I wouldn't be comfortable placing these inside a consumable, as they may be toxic; however, I think you could put them in a cylinder placed into the beverage server, which does not allow the lights and the liquid to come into contact with each other. I think you could get the same effect. I like the looks of this rope light.


----------



## Halloween Scream (Sep 29, 2010)

The "floral lights" may not be safe, but the same website sells "LED Submersible Light Ice Cubes" which are FDA approved!

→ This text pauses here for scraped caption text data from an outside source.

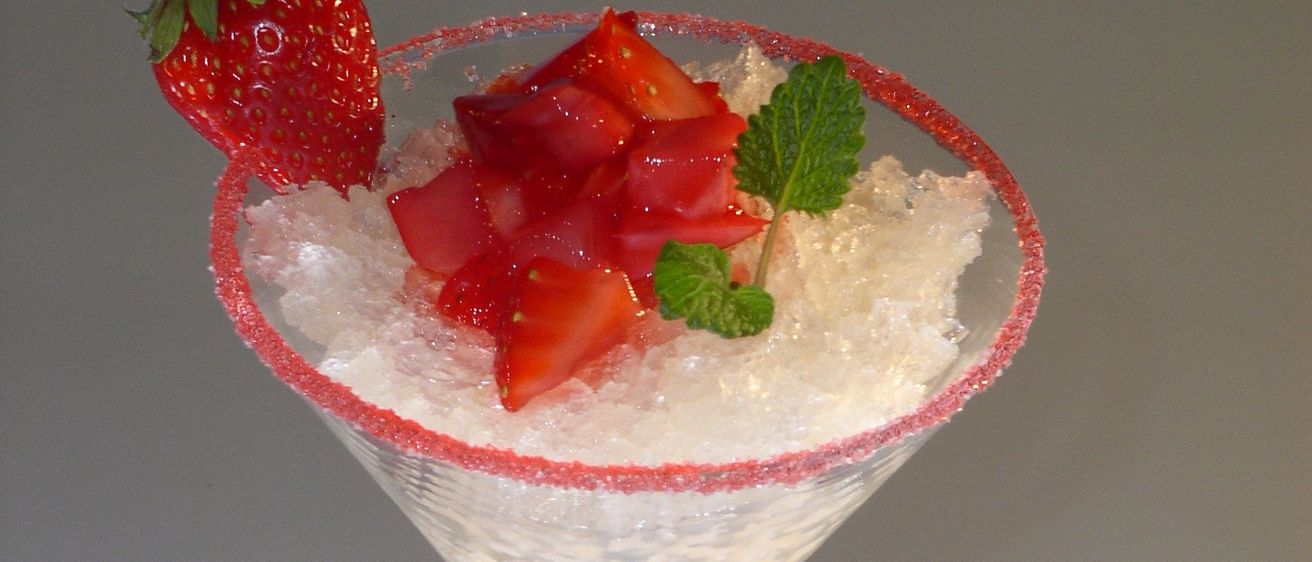 Bild enthält, Alcohol, Beverage, Cocktail, Glass, Berry, Fruit, Plant, Produce, Strawberry, Herbs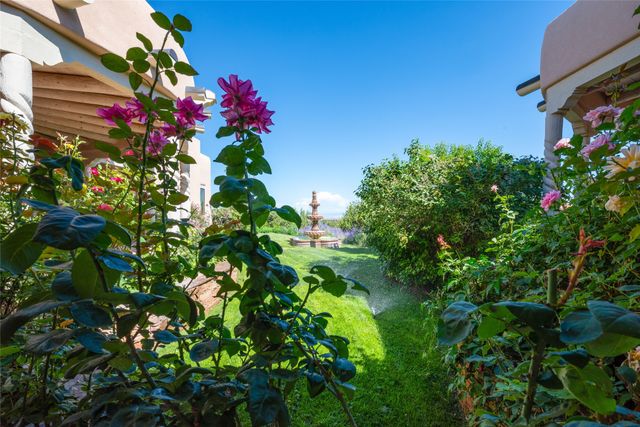 237 Tano Road, Santa Fe, NM 87506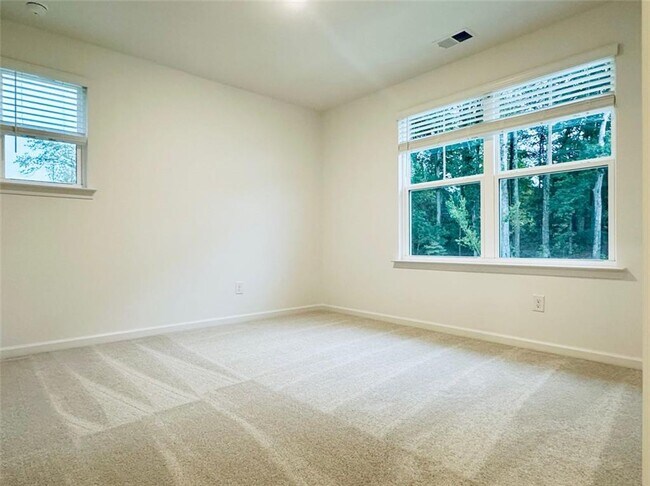 Building Photo - 1400 Hunter Trl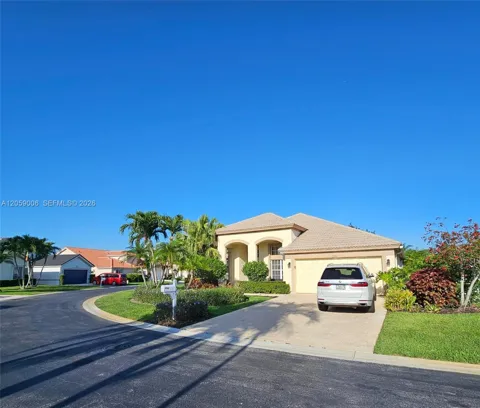 2540 Egret Lake Dr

http://www.save-on-crafts.com/lightcubes.html


----------



## ScaredyCat (Sep 9, 2011)

I am thinking of putting these not only in my punch (thanks Halloween Scream for the link to the FDA approved lights) but also in my apothecary jars. I just think they are the coolest! I'm going to order green, purple, and orange. Woohoo! Halloween can't come soon enough!


----------



## broevil (Jun 23, 2011)

I saw that too! Love it!!


----------



## Ghost of Spookie (Sep 28, 2008)

I bought a handful of the round Floralytes last year from Beverly's Craft store (regional store in Calif) in a number of the colors. Like some of you had originally thought about using them in a punch bowl but as I recall they would not be "food safe" to use in that manner. Almost didn't buy them as a result but thought I could use them in prop jars that the liquid wouldn't be consumed, or used in pools of water like a bloody fountain, or swamp scene. For a one-off project not a bad idea but for the cost there are probably other LED products that make more sense.


----------



## halloween71 (Apr 22, 2007)

I use the lighted ice cubes and have for years.You can find them in alot of colors.I thought the lights in the jar were clear and the drink itself was green.The shipping from saveoncrafts is a little pricey.They are cute tho.


----------



## Ghouliet (Nov 5, 2010)

Went to the web site, they have some interesting stuff, including some small scoops for my candy buffet. Thanks for posting it.


----------



## Xane (Oct 13, 2010)

I saw submersible ice cubes in Walmart on an endcap strip hanger. It was near the seasonal aisle, but on the side with normal office supplies. The batteries are not replaceable, unfortunately.


----------



## christopherson (Mar 22, 2012)

Best line in this thread - "Can't. Stinking. Wait."


----------



## llewis (Sep 20, 2011)

Gooooorgeous! I'm definitely going to try these.


----------



## VexFX (Oct 19, 2010)

Glowsticks work great as well. We throw some in our "witches brew" (Mixture of vodka, 7-up, vodka, orange or lime juice concentrate, and vodka) every year. You can put them in ziplock bags to add an extra layer of protection. Makes the entire container (a large white semi-opaque container) glow.


----------



## HalloweenTrick (Feb 2, 2012)

Thats Awesome! Thats one way to light up a dark space.


----------



## Haunted Nana (Oct 18, 2010)

Halloween Scream said:


> Maybe I've been living in a cave, but today was the first time I've ever heard of submersible floral lights (thank you to the Pinterest user who pinned). Once I saw this picture I was instantly counting the days until this year's party. Can't. Stinking. Wait.
> 
> View attachment 110235
> 
> ...


 They have the lights a Joann fabric too. Great idea for them.


----------



## CycloneJack (Jun 30, 2011)

We actually used glow sticks you find at Dollar Tree and placed them in our punch bowls and got the same effect. Dont ask if the stuff inside is toxic or not, I dont really know. All I do know is that to date, our "toxic punch" has not claimed any victims! Also used glow sticks in the water for the bobbing for apples game. A cheap, easy alternative to the leds.


----------



## ZombieRaider (May 18, 2008)

I'd start with a clear/transparent punch bowl, build a box to raise the bowl a couple inches....Cut a hole in the top of the box for the base of the bowl to rest in and elevate it enough you could throw a couple glow sticks in the hole before setting the punch bowl on it....Either paint the box or wrap a piece of burlap around it to hide the box altogether....That will isolate and eliminate any possible contaminants of your drink.....ZR


----------



## halloween71 (Apr 22, 2007)

VexFX said:


> Glowsticks work great as well. We throw some in our "witches brew" (Mixture of vodka, 7-up, vodka, orange or lime juice concentrate, and vodka) every year. You can put them in ziplock bags to add an extra layer of protection. Makes the entire container (a large white semi-opaque container) glow.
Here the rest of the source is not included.